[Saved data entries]
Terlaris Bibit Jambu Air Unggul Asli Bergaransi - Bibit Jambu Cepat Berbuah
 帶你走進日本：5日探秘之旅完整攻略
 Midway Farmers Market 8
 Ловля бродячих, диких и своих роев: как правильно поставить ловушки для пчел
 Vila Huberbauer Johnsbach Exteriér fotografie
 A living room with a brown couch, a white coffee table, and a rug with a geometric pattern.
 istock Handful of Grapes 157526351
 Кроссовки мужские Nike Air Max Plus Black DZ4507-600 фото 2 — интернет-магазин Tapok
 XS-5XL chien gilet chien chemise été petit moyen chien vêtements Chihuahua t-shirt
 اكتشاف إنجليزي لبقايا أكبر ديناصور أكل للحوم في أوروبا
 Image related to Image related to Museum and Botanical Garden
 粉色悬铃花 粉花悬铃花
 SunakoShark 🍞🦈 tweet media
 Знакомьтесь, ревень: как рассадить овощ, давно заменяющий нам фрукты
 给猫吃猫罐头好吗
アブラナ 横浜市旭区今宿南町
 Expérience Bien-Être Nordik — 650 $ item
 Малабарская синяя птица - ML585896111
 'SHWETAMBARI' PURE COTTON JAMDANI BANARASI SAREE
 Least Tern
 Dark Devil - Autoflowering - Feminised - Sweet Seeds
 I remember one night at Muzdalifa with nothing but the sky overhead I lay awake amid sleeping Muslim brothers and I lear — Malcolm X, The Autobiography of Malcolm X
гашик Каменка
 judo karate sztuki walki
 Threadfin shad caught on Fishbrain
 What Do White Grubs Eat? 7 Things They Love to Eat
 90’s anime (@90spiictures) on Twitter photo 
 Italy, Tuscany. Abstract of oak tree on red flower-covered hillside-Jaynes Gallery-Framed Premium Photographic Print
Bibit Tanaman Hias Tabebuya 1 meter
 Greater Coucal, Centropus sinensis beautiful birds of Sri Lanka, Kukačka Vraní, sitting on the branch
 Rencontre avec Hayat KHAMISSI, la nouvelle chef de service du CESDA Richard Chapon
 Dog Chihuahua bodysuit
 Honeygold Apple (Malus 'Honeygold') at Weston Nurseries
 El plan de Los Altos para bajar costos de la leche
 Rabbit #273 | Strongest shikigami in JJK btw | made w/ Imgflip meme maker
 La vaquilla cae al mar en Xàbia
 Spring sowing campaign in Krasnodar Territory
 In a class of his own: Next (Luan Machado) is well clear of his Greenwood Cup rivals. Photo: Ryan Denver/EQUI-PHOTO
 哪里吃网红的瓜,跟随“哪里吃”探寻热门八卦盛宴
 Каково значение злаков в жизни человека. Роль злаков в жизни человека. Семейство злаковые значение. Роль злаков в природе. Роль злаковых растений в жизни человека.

▶ [Exercise aim] Report how many lines of the records hold the word "Bibit", and supply no other text.

▶ [Answer to the problem] 2